Ambassador Zurhellen Reports on Suriname’s Ethnic Political Tensions Before Washington Visit

Embassy cable warns of corruption, economic fragility, and divisive party competition three years before military coup.

Date: February 7, 1977

In a confidential cable sent just before Prime Minister Henck Arron's first official visit to Washington since independence, the U.S. Embassy in Paramaribo provided a detailed assessment of Suriname's political and economic landscape, highlighting the intense pre-election maneuvering, ethnic party divisions, and emerging allegations of corruption that characterized the era.

Details:

  • The cable, authored by Ambassador J. Owen Zurhellen, was sent as Arron prepared to attend the OAS Special Session on February 22 to admit Suriname as a member.
  • The Embassy reported that the country was entirely preoccupied with the upcoming national elections, the first since independence.
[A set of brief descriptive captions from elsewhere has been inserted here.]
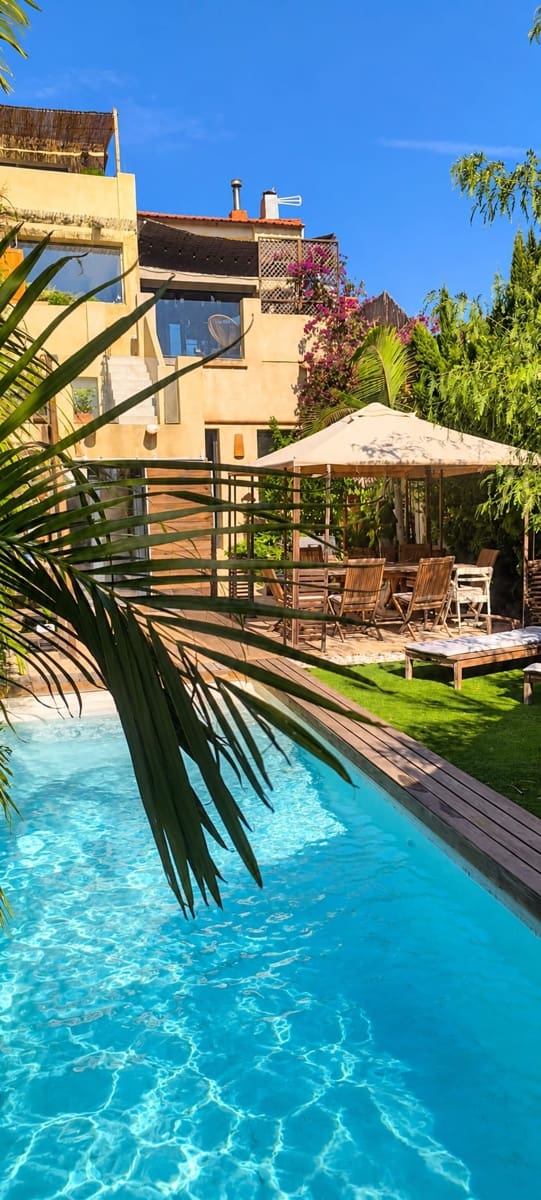 3 sovrum Hus till salu i Muchamiel / Mutxamel med pool - 550 000 € (Ref: 10173124)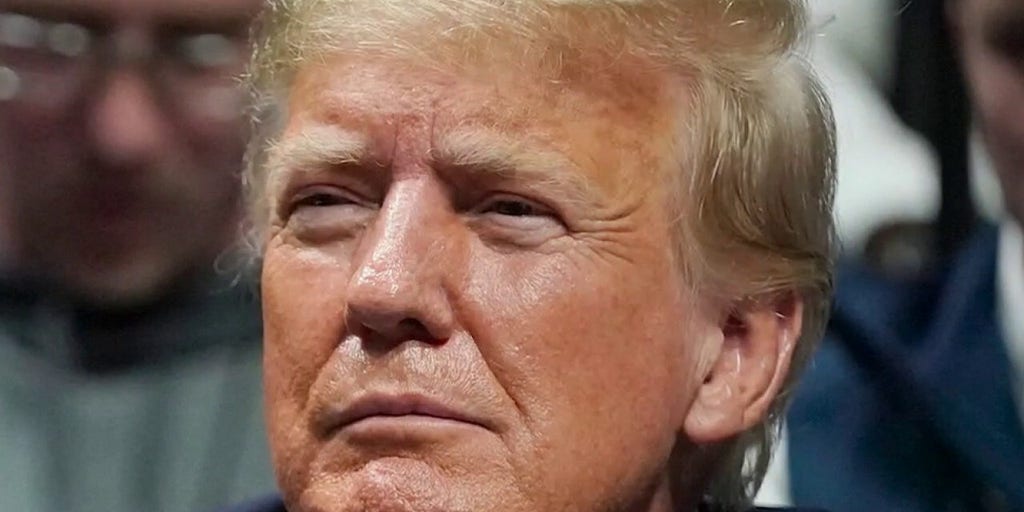 Trump first former president to be indicted Fox News Video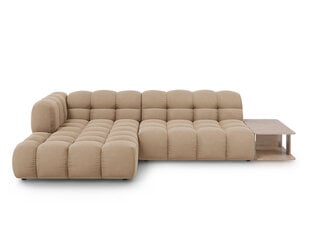 Pehme nurgadiivan Cosmopolitan Design Sky 4, liivavärvi price and information | Corner sofas and corner sofa beds | hansapost.ee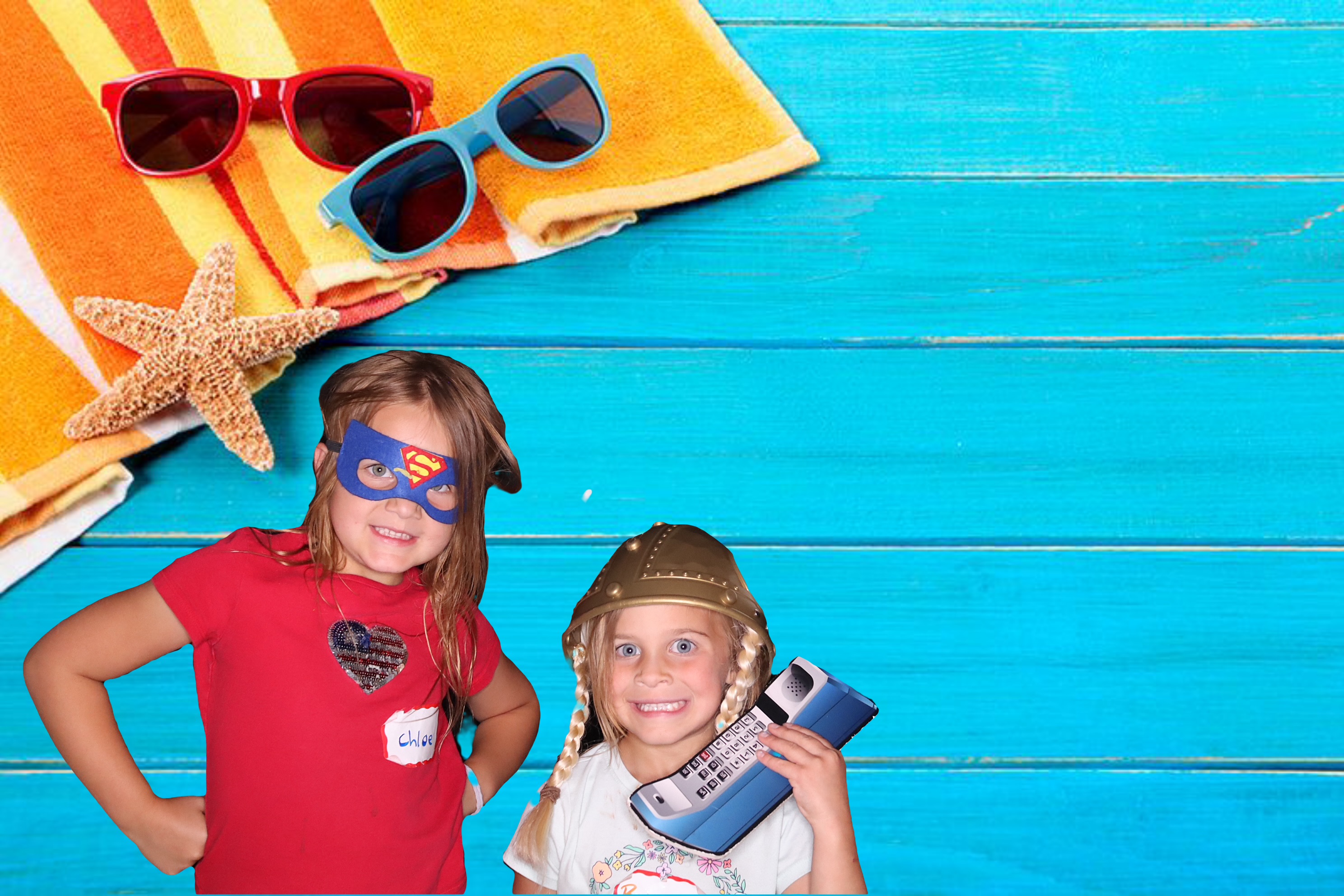 Employee Summer Party | View more photos from the event at gallery.photoboothbillings.com/u/PhotoBoothBillings/Employee-Summer-Party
The central conflict was between Arron's Creole-dominated coalition (the NPS, PNR, PSV, and KTPI) and the Hindustani-dominated opposition party, the VHP, led by elder statesman Jaggernath Lachmon.
  • Lachmon's stated goal was not to rule alone but to win enough votes to force Arron's NPS party into a new coalition with the VHP, specifically to exclude the left-leaning black nationalist PNR party of Eddy Bruma.
  • The Embassy noted that while the Arron government's chances of winning were good, it was vulnerable due to "inept government performance," scarcities of basic goods, and rising allegations of personal corruption against key ministers, including Willy Soemita and Karamat Ali.
  • Economically, the country was heavily dependent on the "massive" Dutch aid program and a three-year agreement with Alcoa on bauxite production and levies, which provided a steady income despite disappointingly low production levels.

Significance: This cable provides a crucial baseline of the political and economic environment just three years before the 1980 military coup. It paints a picture of a political system dominated by ethnic party competition, where personal rivalries and allegations of corruption were undermining a fragile economy propped up by foreign aid and a single industry. The specific goal of opposition leader Lachmon to exclude the leftist PNR from power highlights the ideological and ethnic fault lines of the era. These very issues—corruption, economic mismanagement, and divisive "old politics"—would be used by Dési Bouterse and the military sergeants as their primary justification for overthrowing the democratically elected government in 1980.

Source:

[1] U.S. Department of State, "Telegram From the Embassy in Suriname to the Department of State," February 7, 1977, Document 334, Foreign Relations of the United States, 1977–1980, Volume XXIII, Mexico, Cuba, and the Caribbean.